PROBLEM DETAILS: Each word in the data below should be copied exactly; the images should not.

GIVEN DATA:
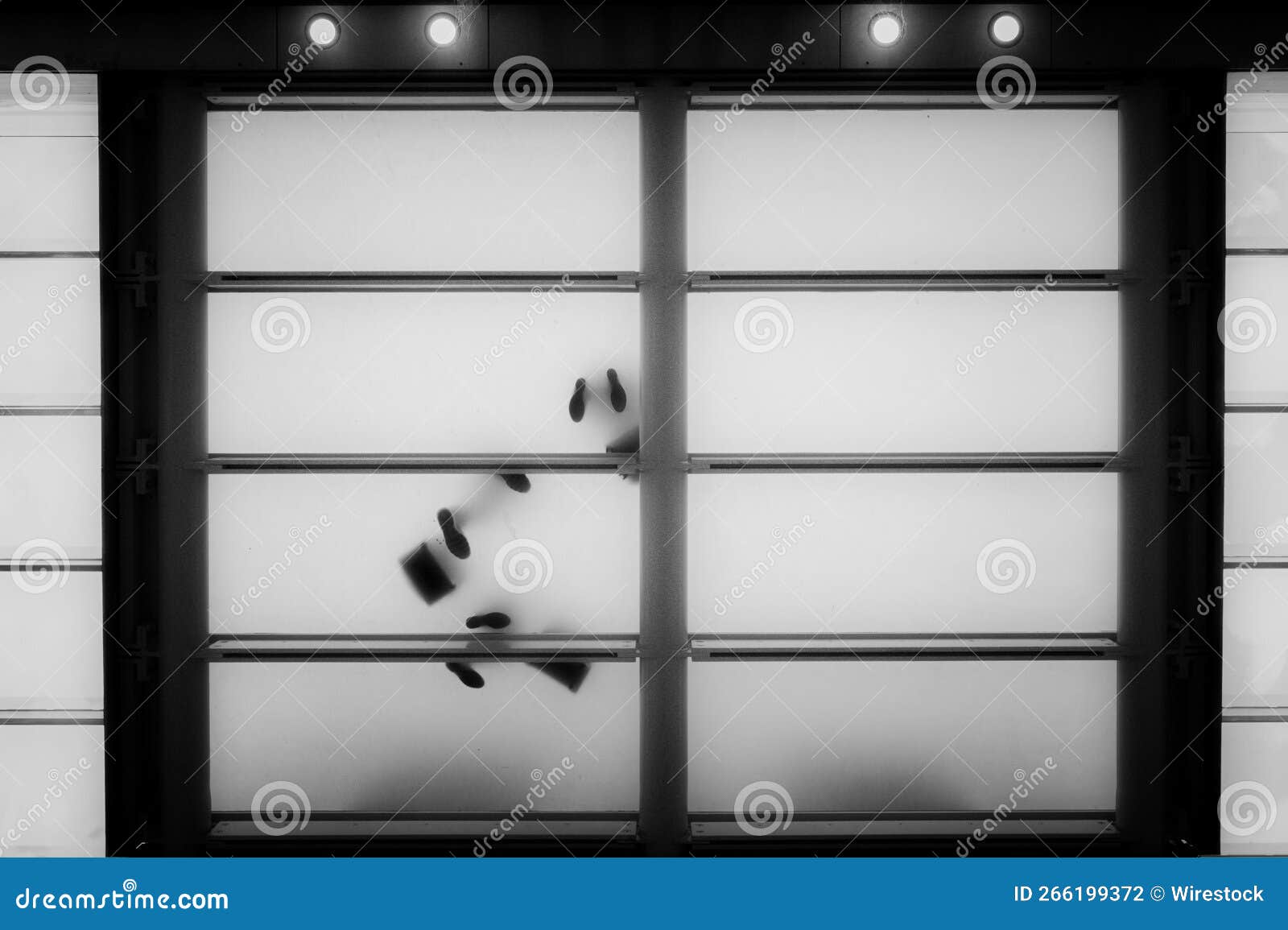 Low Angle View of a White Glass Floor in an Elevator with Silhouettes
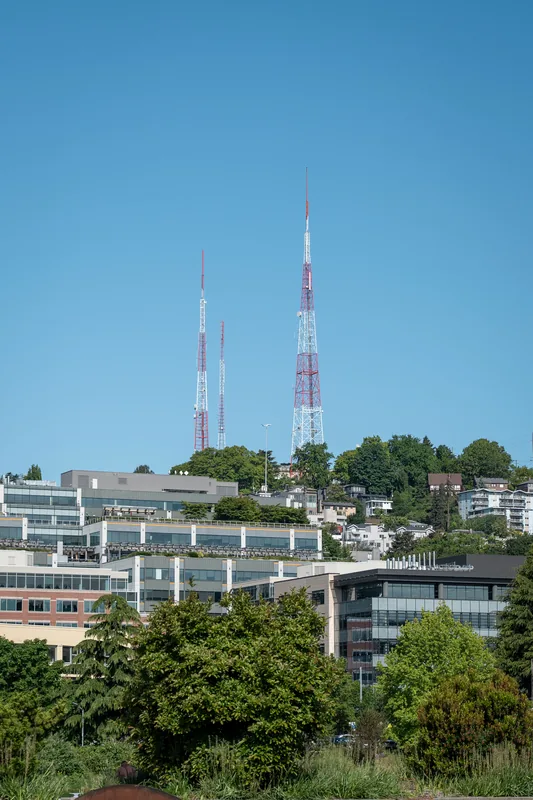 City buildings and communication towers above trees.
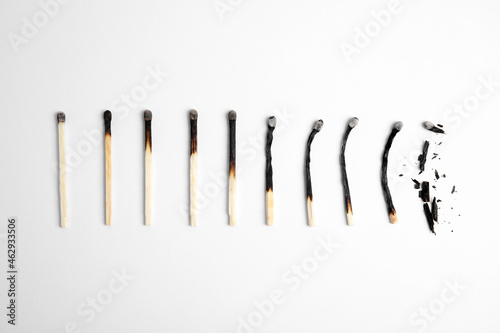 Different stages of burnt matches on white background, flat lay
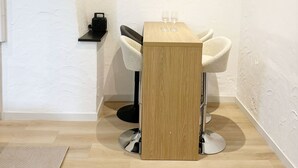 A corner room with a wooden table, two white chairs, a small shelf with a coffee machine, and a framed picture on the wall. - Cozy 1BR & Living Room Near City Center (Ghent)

WRITTEN ANSWER:
 Low Angle View of a White Glass Floor in an Elevator with Silhouettes
 City buildings and communication towers above trees.
 Different stages of burnt matches on white background, flat lay
 A corner room with a wooden table, two white chairs, a small shelf with a coffee machine, and a framed picture on the wall. - Cozy 1BR & Living Room Near City Center (Ghent)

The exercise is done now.